66.2 Live bees, silkworms, leeches and harmless insects may be carried by post for delivery within Australia providing:

66.2.1 their carriage across state or territory borders is not restricted by a law of the Commonwealth, a State or Territory;
66.2.2 the sender makes application to Australia Post for the carriage of an article containing live bees, silkworms, leeches or harmless insects, by the separate bag service;
66.2.3 an articlelodged for carriage by the separate bag service shall have the words "Separate Bag" legibly written or printed in the top left-hand corner of the surface on which the article is addressed;
66.2.4 subject to clause 66.2.5, where an article is carried by the separate bag service, a fee as determined by Australia Post for that purpose is paid in addition to the postage otherwise payable for the carriage of the article;
66.2.5 where a person lodges more than one article for carriage by the separate bag service to the same office of delivery, all articles so lodged at the one time shall be carried for a single fee; and
66.2.6 the contents are packed and presented in the manner prescribed in the current Technical Instructions of the Civil Aviation Organisation as reflected in the IATA Live Animal Regulations.
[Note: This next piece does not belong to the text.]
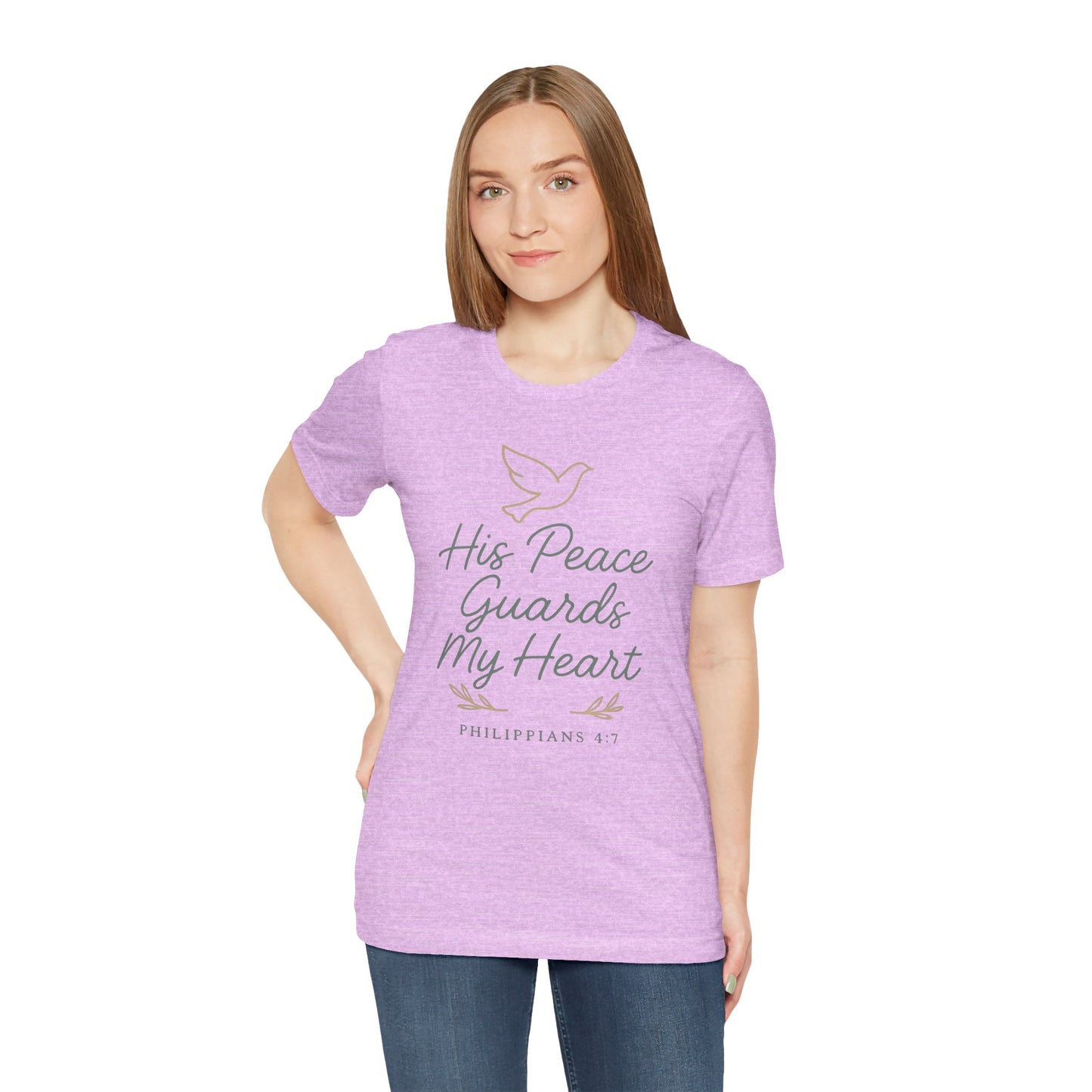 His Peace Guards My Heart Tee — Philippians 4:7 Christian Dove T-Shirt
66.3 An articlelodged under the separate bag service may be carried by Australia Post without being enclosed in another bag.
66.4 Live bees, silkworms, silkworm eggs, leeches and parasites and destroyers of noxious insects intended for the control of those insects may be carried by post for delivery outside Australia providing, if the article is not insured:

66.4.1 the contents are packed in the manner prescribed in the current Technical Instructions of the Civil Aviation Organisation as reflected in the IATA Live Animal Regulations;
66.4.2 where the article contains silkworm eggs, the contents must first be packed in a cardboard box or plastic or cloth bag, and unless otherwise agreed, packed and presented in the manner prescribed in the IATA Live Animal Regulations;
66.4.3 if the article contains parasites or the destroyers of noxious insects, the article is exchanged between officially recognised institutions of the countries concerned; 
66.4.4 the wrapping and documentation shall have the words "Live Animals", legibly written on them; and
66.4.5 the sender has complied with all legislative requirements for the export of the article and its contents.


----------



## moosenoose (Oct 11, 2007)

> Scorpions were declared a protected species in 2004 under Queensland's Nature Conservation Act 1992 in response to concerns about impacts on wild populations.
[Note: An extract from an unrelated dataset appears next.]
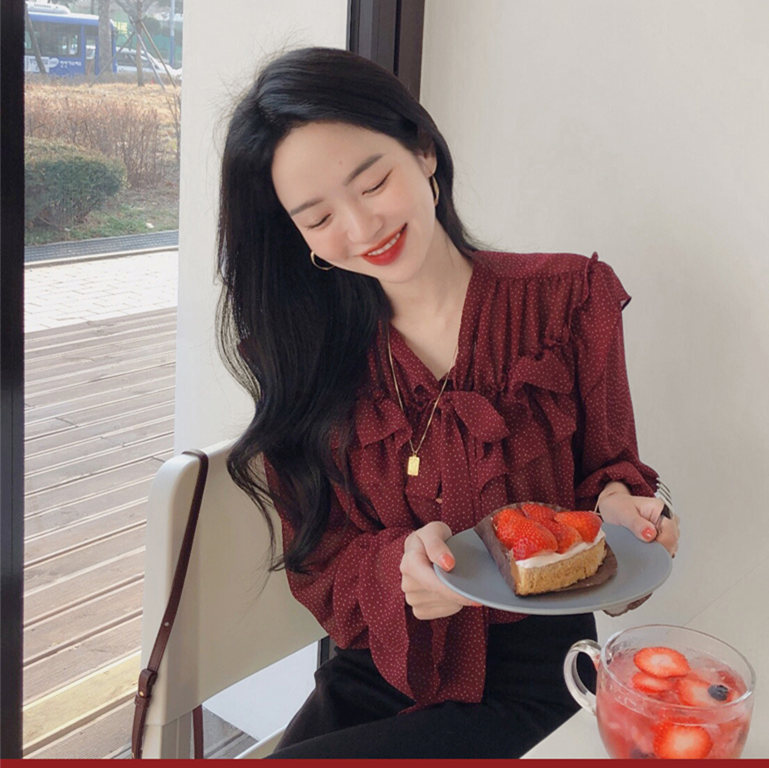 Áo voan tay dài phối bèo họa tiết chấm bi thanh lịch 27588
Well I never would have thought!! :shock:


----------



## Glider (Oct 11, 2007)

Hmm... my cricket shipments never say seperate bag, they just have the usual Express Post sticker on them and a normal postage charge. 
Fair nuff though, I guess spiders and scorps would be different. Though I noticed the new like to the Green Scorpion website on here, and they have a post option for their live scorps. hmmmm.....

The article does point out that he wasnt fined for posting them, he was fined for collecting them from the wild.


----------



## coxy (Oct 11, 2007)

If you buy a spider or scorp off a supplier like bylo it is posted through aust post (correct me if im wrong) so as far as i know there is nothing wrong with the posting part of it, i think the problem here is that they were collected from the wild without the appropriate permit, and he couldn't prove otherwise.


----------



## falconboy (Oct 11, 2007)

Glider said:


> The article does point out that he wasnt fined for posting them, he was fined for collecting them from the wild.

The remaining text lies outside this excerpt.